Профессор и Мура, как зачарованные, смотрели на туго запеленутое тельце. Оно покоилось на марлевой подстилке, пропитанное благовонными смолами. Детское крошечное личико скрывалось под погребальной золотой маской. Там, где у живого египетского царевича были глаза, во впадинках сияли два изумруда. Вместо рта зловеще горел красный рубин. Высокий головной убор маленького покойника за прошедшие тысячелетия не утратил своей яркости. На груди его покоился винно-желтый топаз на почерневшей серебряной цепочке.

– Боже! – очнулся профессор. – Это подлинное научное открытие! Я понимаю ваше стремление попасть в Эрмитаж! Какой же музей откажется от такого уникального экспоната?

– А что говорят эксперты? – Мура подняла на прекрасного грека горящий синий взор.

– Наши, греческие, считают, что экземпляр очень хорошей сохранности, – ответил с улыбкой довольный гость. – А ваши, столичные, еще не видели. Надеюсь, господин Глинский скажет свое веское слово. Вчера, еще до цирка, я с ним договорился об экспертизе.

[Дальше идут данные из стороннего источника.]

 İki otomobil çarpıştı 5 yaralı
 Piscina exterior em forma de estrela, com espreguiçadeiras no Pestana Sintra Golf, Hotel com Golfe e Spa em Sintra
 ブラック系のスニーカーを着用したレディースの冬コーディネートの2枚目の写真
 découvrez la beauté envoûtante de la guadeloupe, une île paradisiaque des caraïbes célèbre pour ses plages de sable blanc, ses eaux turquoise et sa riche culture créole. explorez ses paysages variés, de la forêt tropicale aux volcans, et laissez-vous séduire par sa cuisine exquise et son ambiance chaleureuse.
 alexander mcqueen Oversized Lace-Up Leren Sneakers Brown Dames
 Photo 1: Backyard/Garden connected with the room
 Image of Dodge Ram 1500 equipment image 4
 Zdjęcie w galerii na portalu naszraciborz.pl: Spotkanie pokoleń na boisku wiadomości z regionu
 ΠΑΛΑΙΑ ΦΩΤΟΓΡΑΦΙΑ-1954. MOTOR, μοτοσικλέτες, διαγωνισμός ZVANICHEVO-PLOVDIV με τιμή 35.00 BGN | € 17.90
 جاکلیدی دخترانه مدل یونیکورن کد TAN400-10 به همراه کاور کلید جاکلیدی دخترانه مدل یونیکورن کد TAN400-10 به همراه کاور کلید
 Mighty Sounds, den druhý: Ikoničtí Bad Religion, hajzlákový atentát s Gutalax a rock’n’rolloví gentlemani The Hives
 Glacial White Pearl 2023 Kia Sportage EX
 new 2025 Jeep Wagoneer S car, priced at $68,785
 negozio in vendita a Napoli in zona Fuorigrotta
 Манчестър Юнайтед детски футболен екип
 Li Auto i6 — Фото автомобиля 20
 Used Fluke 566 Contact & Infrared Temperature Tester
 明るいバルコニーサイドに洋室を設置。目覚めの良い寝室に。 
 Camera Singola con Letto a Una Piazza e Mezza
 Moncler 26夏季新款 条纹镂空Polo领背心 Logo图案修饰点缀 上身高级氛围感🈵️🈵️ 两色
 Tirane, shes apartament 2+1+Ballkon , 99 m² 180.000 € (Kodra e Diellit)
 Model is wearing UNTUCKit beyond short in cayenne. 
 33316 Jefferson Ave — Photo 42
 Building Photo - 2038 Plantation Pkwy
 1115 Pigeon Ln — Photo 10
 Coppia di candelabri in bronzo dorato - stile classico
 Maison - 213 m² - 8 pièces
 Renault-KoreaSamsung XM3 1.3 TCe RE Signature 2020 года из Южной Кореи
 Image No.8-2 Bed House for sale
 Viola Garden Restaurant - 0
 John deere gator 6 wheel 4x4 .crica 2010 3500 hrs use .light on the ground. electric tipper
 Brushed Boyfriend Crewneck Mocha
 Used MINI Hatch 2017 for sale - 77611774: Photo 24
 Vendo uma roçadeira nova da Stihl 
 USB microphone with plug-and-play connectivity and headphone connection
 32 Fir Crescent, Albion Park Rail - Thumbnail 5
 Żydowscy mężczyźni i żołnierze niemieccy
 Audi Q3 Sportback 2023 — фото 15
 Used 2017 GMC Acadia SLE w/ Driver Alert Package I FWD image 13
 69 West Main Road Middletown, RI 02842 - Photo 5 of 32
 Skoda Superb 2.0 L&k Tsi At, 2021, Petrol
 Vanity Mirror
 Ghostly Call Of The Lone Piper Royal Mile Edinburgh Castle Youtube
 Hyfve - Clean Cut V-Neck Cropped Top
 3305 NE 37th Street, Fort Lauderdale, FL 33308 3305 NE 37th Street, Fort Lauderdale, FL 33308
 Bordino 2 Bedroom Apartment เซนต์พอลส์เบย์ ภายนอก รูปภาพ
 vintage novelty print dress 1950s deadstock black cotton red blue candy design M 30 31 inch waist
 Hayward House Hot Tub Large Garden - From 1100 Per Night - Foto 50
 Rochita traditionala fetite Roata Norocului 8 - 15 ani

– О! Не смею препятствовать вашим историческим подвигам. –Профессор отошел от кукольной мумии и опустился в кресло.

– Я выручу за нее большие деньги, – сказал самодовольно грек и бережно накинул на свое сокровище невесомый белый покров.

– Эрмитаж его купит с большим удовольствием, не сомневаюсь, – поощрил грека Муромцев, избегая взгляда потрясенной дочери.

– Видите ли, – грек бережно закрыл коробку черной крышкой, – в этом не сомневаюсь и я. Однако ж откуда Эрмитаж возьмет такие деньги, которые я собираюсь запросить за свою уникальную находку? Мой двоюродный брат семь лет назад предлагал Эрмитажу тиару Сантафернис. Брат ведет раскопки под Очаковым, великий специалист. Отказались, и тиара уплыла в Париж. Полкило золота! Теперь известный цирк и музей Барнума и Эшли в Нью-Йорке обговаривает с Лувром условия продажи.

– Да, я читала в газете, американцы предлагают за тиару двести пятьдесят тысяч франков. – Голос Муры дрожал, ее щеки горели. – Эрмитаж такими средствами для закупки экспонатов не располагает.

– Вот то-то и оно, – улыбнулся грек. – Я рассчитываю после экспертизы господина Глинского продать мумию какому-нибудь состоятельному коллекционеру.

– Но тогда она станет недоступной для ученых! – заявил профессор.

– Не огорчайтесь, – утешил хозяина дома красавец, – на их век мумий хватит. Да и эта недолго проскучает в частной коллекции, разорится богач, наследнички продадут за бесценок музею или подарят. И рядом с фараоном Аммен-Хеюбом будет лежать его сын Аммен-Хофис... Малый погиб за триста лет до Троянской войны – так утверждает Туринский папирус.

– А еще говорят, что большинство греков не знают, когда была Троянская война и когда жил Гомер, – хмыкнул Николай Николаевич и решительно добавил: – Я не вижу причин откладывать вашу поездку в Эрмитаж.

Мура, доселе погруженная в глубокое молчание, машинально направилась к себе в комнату за шляпкой и ридикюлем, господин Ханопулос осторожно поместил коробку под мышку.

– Однако, господин Ханопулос, я должен быть уверен...

– Да, да, уважаемый профессор, не сомневайтесь! – воскликнул воодушевленный коммерсант. – Ваша дочь-красавица, равная самой Афродите, будет под надежной защитой. Обязуюсь к обеду привезти Марию Николаевну домой.

Мура задерживалась. Профессор успел ответить на телефонный звонок, обменяться любезностями с экзотическим гостем, недоумевая в душе, почему так много времени требуется, чтобы прилепить к голове шляпку. Наконец дочь явилась, нежная голубизна незабудок на белой широкополой шляпе подчеркивала мрачную синеву глаз, тоненькие ноздри прямого носика слегка трепетали. Господин Ханопулос топтался, не сводя с девушки обожающего взора. Молодые люди готовы были покинуть гостиную, но Николай Николаевич задержал их.

– Маша, звонил доктор Коровкин, просил передать на словах. Во-первых, следователь Вирхов напал на след организатора взрывов. А во-вторых, он спрашивает, как идет твое расследование?

Грек выпучил золотисто-оливковые глаза и беззвучно зашевелил губами.

– Вы, господин Ханопулос, вероятно, не знаете, что моя дочь занимается сыскным делом, – со скрытой усмешкой пояснил профессор, – по патенту, выданному Вдовствующей Императрицей. А что ты расследуешь, Маша, если не секрет?

– Секрет, – еле слышно произнесла Мура, не сводя странного взора с блистательного грека.

Профессор заметил, что дочь необычно бледна, но никак не думал, что после раздавшегося в дверь звонка она упадет в обморок.